Content starts

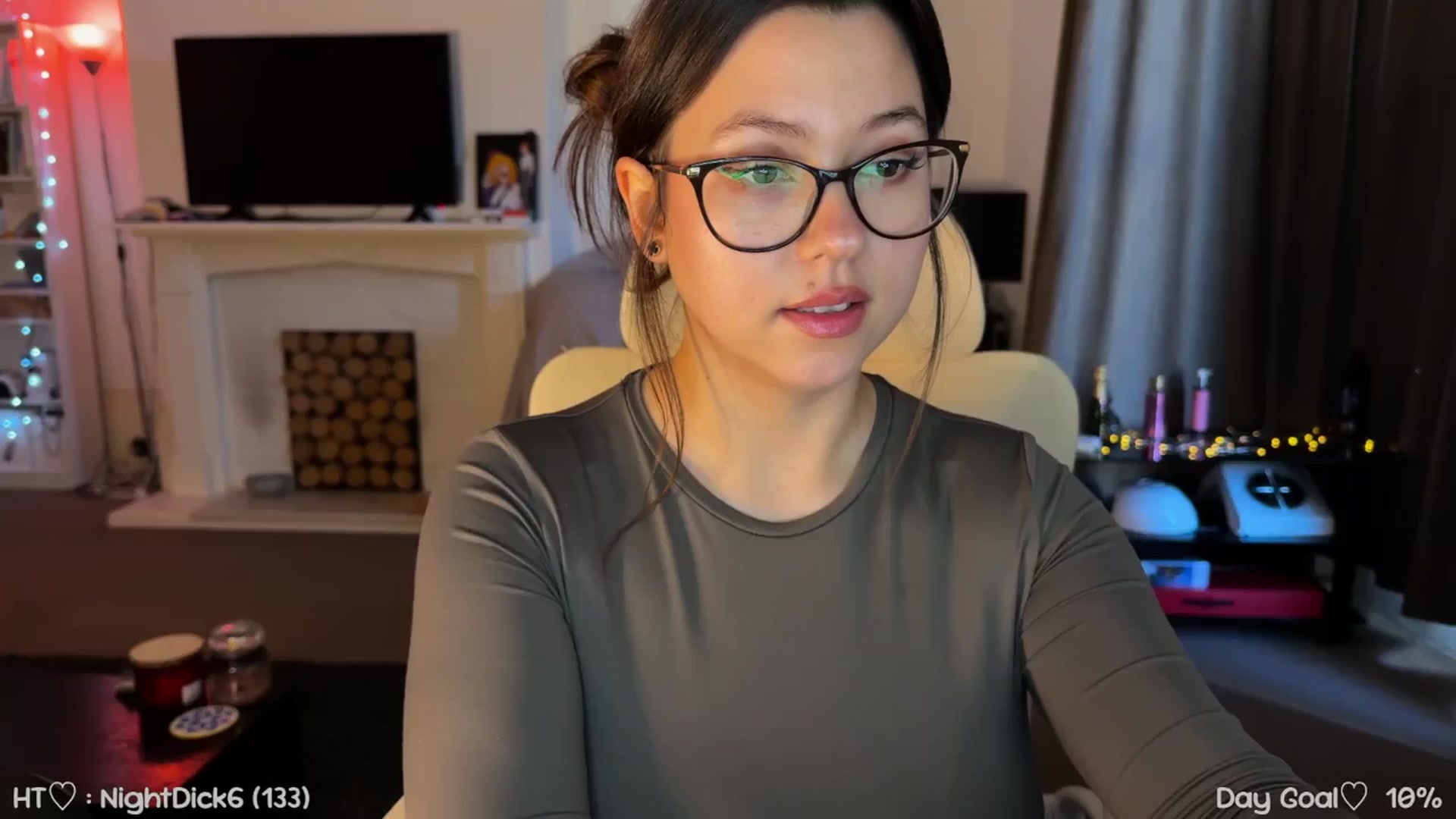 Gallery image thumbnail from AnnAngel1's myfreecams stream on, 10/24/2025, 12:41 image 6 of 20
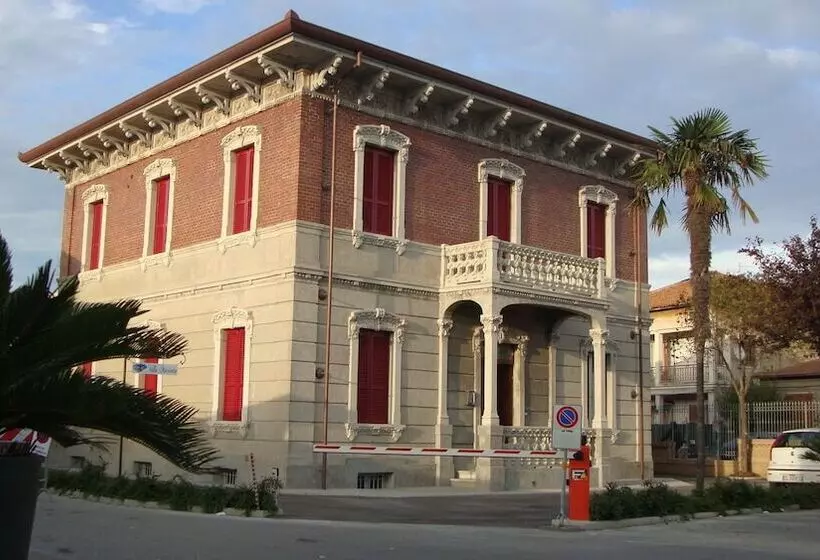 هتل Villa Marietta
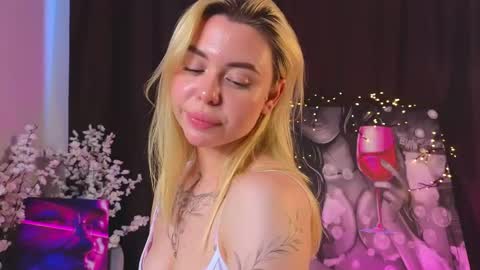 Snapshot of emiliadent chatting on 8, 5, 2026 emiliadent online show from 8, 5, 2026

Content ends
Content starts

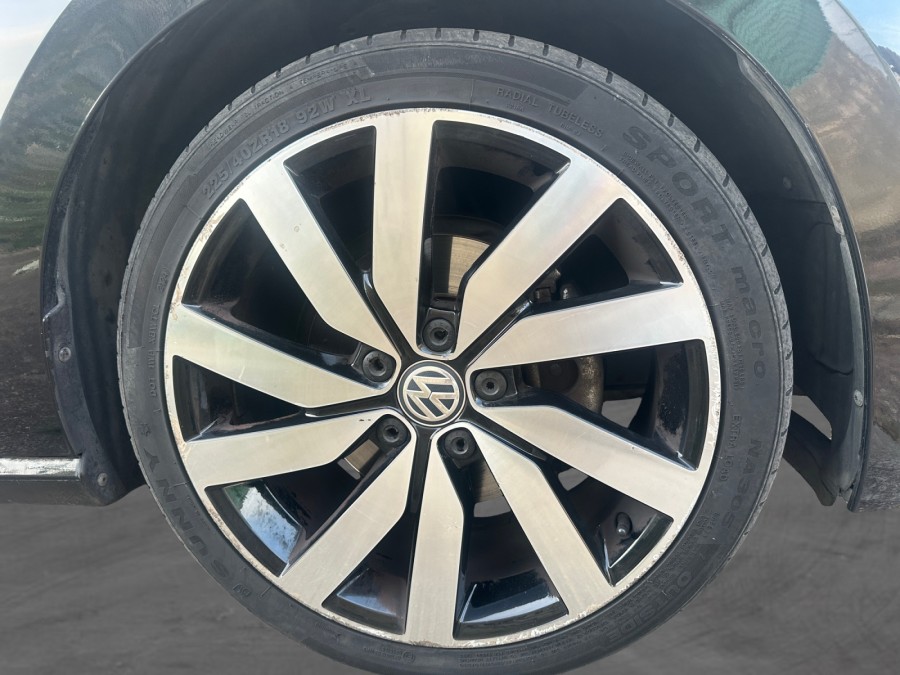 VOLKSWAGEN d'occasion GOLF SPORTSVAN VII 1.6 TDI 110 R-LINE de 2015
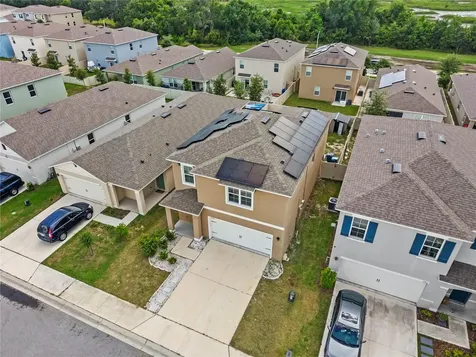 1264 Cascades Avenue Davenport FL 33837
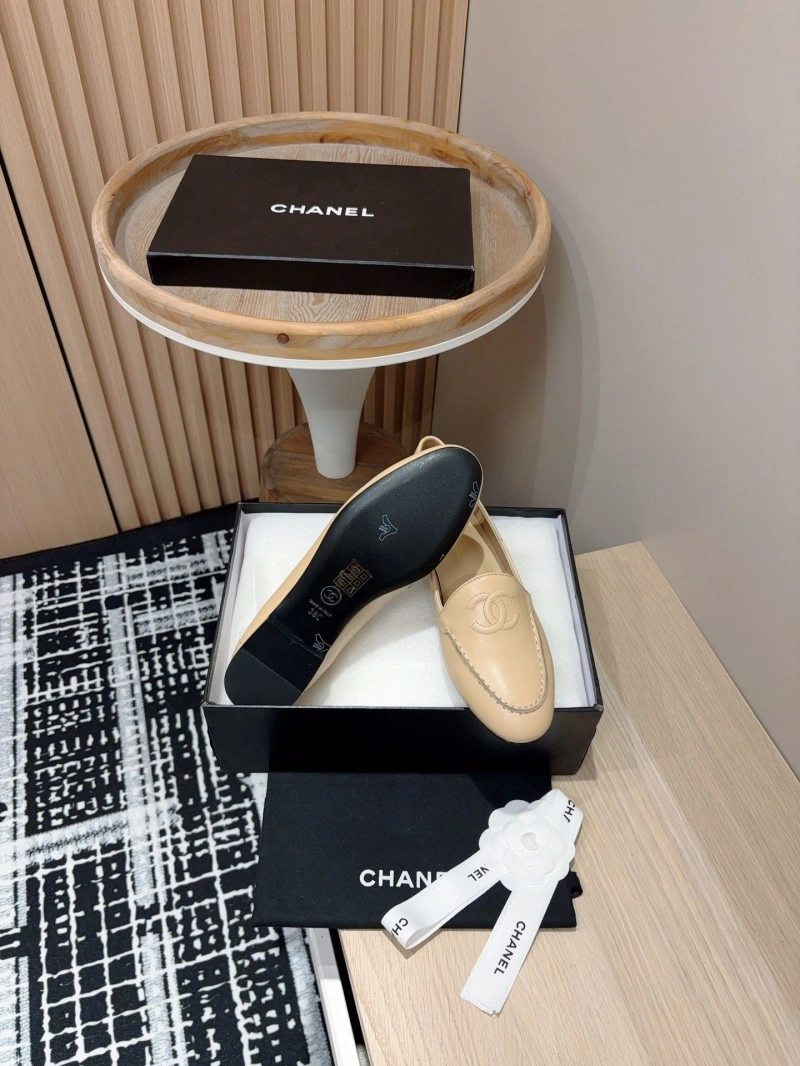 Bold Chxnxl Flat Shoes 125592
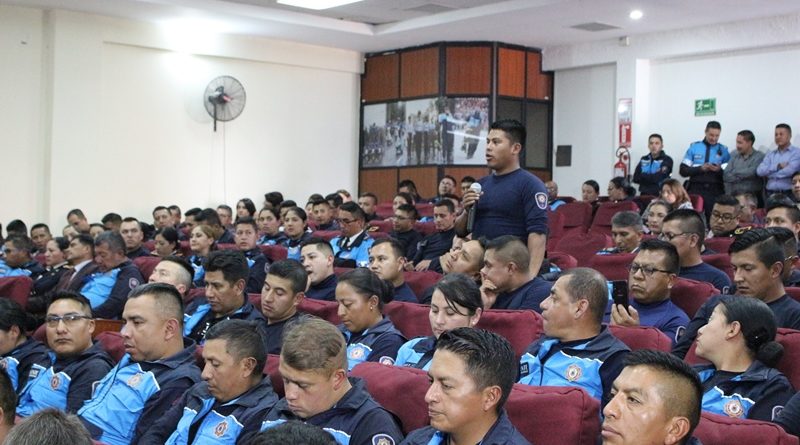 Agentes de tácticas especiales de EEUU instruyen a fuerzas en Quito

Content ends
Content starts

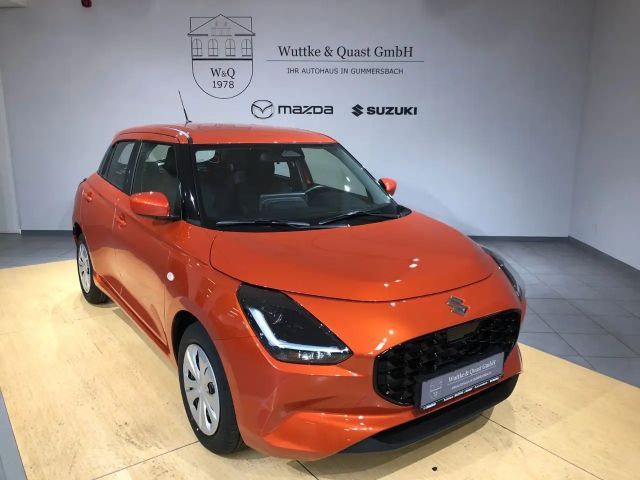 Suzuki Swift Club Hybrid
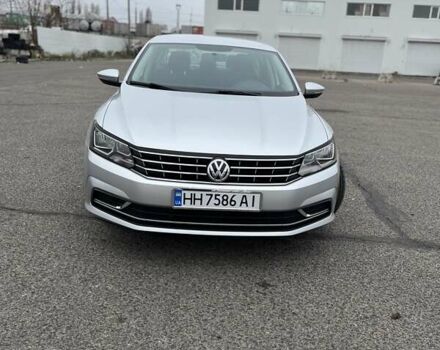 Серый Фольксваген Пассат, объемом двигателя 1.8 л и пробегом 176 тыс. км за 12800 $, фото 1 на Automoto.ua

Content ends

◆ Work order
Once the line with "Gallery image thumbnail" is found above, print it and every line after it through the line with "Snapshot of emiliadent", exactly. Pictures stay out.

◆ Answer
 Gallery image thumbnail from AnnAngel1's myfreecams stream on, 10/24/2025, 12:41 image 6 of 20
 هتل Villa Marietta
 Snapshot of emiliadent chatting on 8, 5, 2026 emiliadent online show from 8, 5, 2026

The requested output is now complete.